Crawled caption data
────────────────────────────────────────

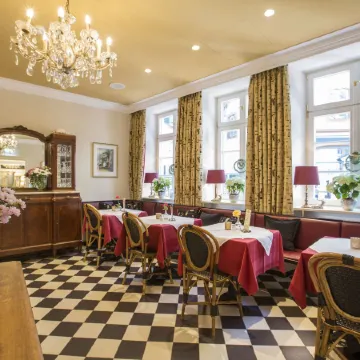 Romantik Hotel Zur Glocke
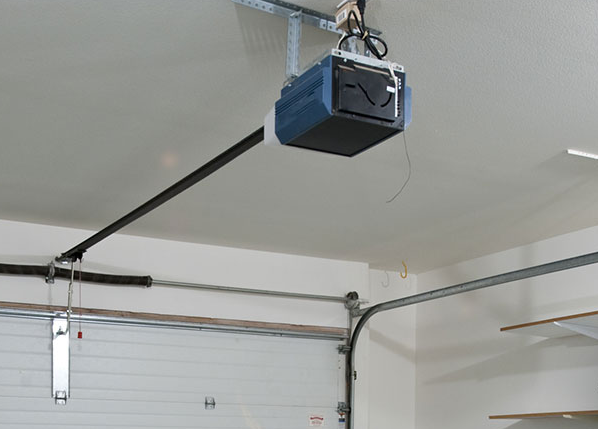 garage door opener repair.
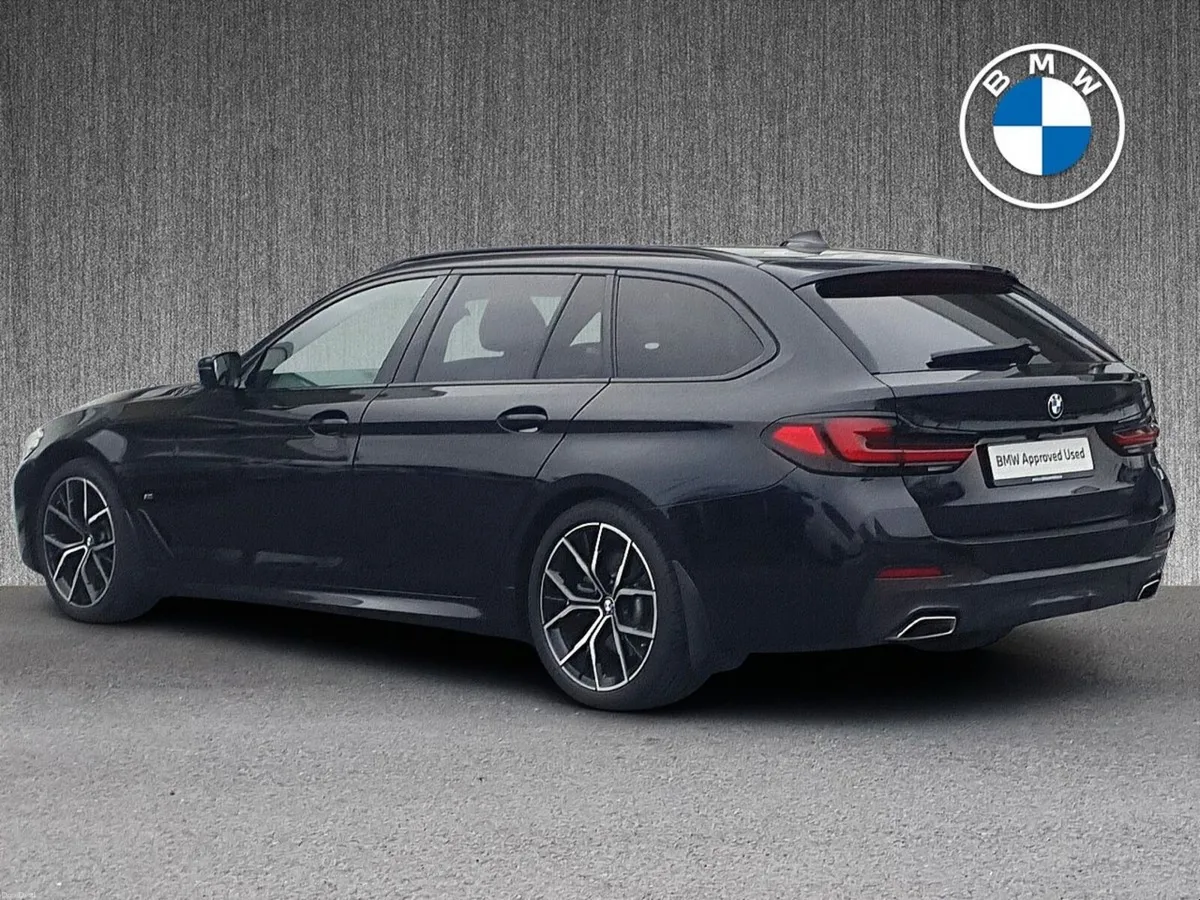 BMW 5-Series 520d M Sport - Image 2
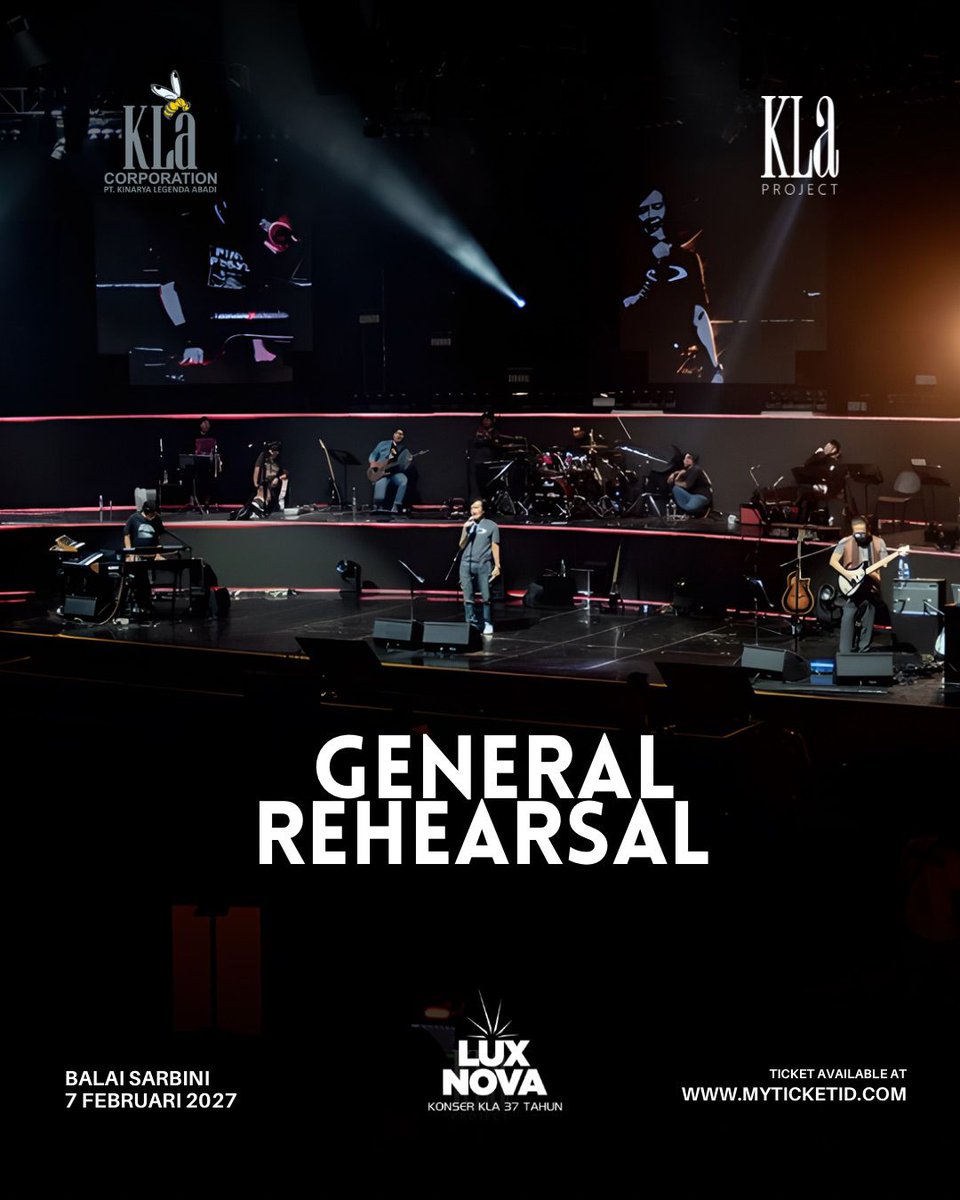 KLa Project tweet media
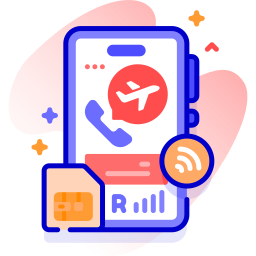 roaming-anruf icon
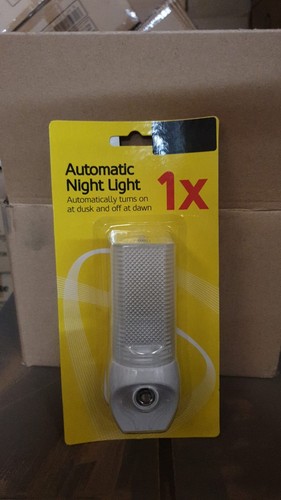 Automatic night light plug - automatic, in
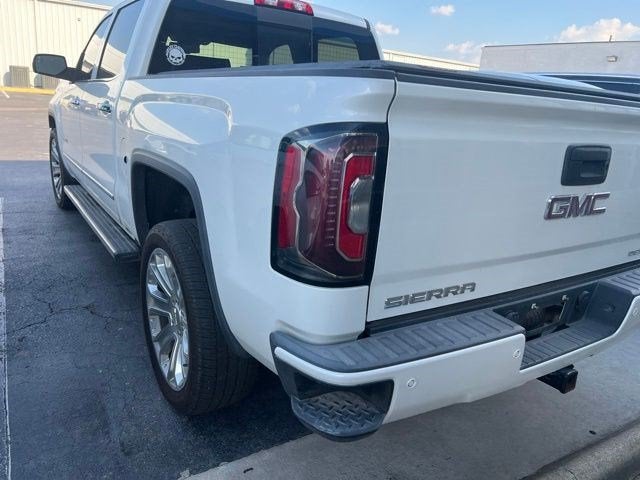 2018 GMC Sierra 1500 Denali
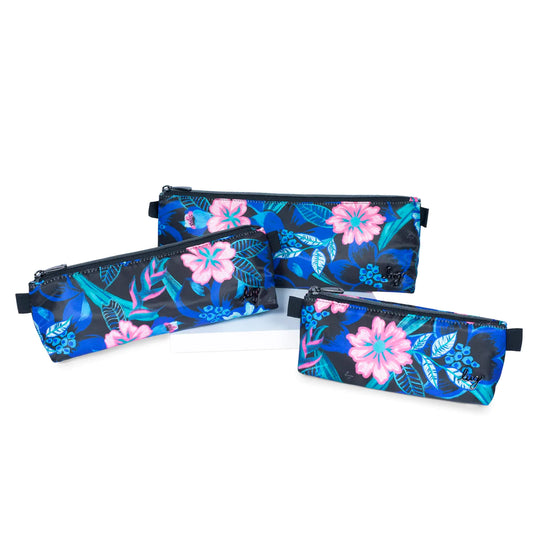 LUG Schooner 3pc Storage Pouches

────────────────────────────────────────

Write out the data word for word. Any picture is to be skipped.

_ANSWER FOR THE TASK_.
 Romantik Hotel Zur Glocke
 garage door opener repair.
 BMW 5-Series 520d M Sport - Image 2
 KLa Project tweet media
 roaming-anruf icon
 Automatic night light plug - automatic, in
 2018 GMC Sierra 1500 Denali
 LUG Schooner 3pc Storage Pouches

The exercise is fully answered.